» DESCRIPTION OF THE TASK:
Could you please output all of the records exactly?
** Opening INPUT DATA block **
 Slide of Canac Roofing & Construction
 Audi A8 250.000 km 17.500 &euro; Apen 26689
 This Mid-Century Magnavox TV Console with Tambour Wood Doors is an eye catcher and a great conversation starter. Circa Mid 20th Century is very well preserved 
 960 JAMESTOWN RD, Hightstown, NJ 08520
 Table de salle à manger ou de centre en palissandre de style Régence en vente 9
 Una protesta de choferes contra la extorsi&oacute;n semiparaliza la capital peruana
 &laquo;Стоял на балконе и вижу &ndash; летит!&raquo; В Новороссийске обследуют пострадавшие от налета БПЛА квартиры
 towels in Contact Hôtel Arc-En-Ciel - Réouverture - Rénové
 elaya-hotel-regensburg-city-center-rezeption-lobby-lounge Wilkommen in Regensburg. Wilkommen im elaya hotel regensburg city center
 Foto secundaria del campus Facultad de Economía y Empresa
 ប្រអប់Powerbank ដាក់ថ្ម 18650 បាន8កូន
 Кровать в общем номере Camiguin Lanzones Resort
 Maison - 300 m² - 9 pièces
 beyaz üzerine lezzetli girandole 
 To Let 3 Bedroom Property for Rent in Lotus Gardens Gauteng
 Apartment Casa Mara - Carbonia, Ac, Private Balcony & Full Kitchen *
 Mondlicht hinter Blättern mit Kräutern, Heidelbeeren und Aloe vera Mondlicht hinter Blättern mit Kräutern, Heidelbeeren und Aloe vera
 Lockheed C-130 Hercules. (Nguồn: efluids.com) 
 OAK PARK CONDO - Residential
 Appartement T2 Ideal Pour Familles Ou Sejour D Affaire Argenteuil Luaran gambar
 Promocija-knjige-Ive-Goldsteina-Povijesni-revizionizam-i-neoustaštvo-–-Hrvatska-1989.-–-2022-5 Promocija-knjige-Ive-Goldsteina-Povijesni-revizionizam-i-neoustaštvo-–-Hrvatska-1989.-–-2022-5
** Closing INPUT DATA block **
» FINISHED TASK:
 Slide of Canac Roofing & Construction
 Audi A8 250.000 km 17.500 &euro; Apen 26689
 This Mid-Century Magnavox TV Console with Tambour Wood Doors is an eye catcher and a great conversation starter. Circa Mid 20th Century is very well preserved 
 960 JAMESTOWN RD, Hightstown, NJ 08520
 Table de salle à manger ou de centre en palissandre de style Régence en vente 9
 Una protesta de choferes contra la extorsi&oacute;n semiparaliza la capital peruana
 &laquo;Стоял на балконе и вижу &ndash; летит!&raquo; В Новороссийске обследуют пострадавшие от налета БПЛА квартиры
 towels in Contact Hôtel Arc-En-Ciel - Réouverture - Rénové
 elaya-hotel-regensburg-city-center-rezeption-lobby-lounge Wilkommen in Regensburg. Wilkommen im elaya hotel regensburg city center
 Foto secundaria del campus Facultad de Economía y Empresa
 ប្រអប់Powerbank ដាក់ថ្ម 18650 បាន8កូន
 Кровать в общем номере Camiguin Lanzones Resort
 Maison - 300 m² - 9 pièces
 beyaz üzerine lezzetli girandole 
 To Let 3 Bedroom Property for Rent in Lotus Gardens Gauteng
 Apartment Casa Mara - Carbonia, Ac, Private Balcony & Full Kitchen *
 Mondlicht hinter Blättern mit Kräutern, Heidelbeeren und Aloe vera Mondlicht hinter Blättern mit Kräutern, Heidelbeeren und Aloe vera
 Lockheed C-130 Hercules. (Nguồn: efluids.com) 
 OAK PARK CONDO - Residential
 Appartement T2 Ideal Pour Familles Ou Sejour D Affaire Argenteuil Luaran gambar
 Promocija-knjige-Ive-Goldsteina-Povijesni-revizionizam-i-neoustaštvo-–-Hrvatska-1989.-–-2022-5 Promocija-knjige-Ive-Goldsteina-Povijesni-revizionizam-i-neoustaštvo-–-Hrvatska-1989.-–-2022-5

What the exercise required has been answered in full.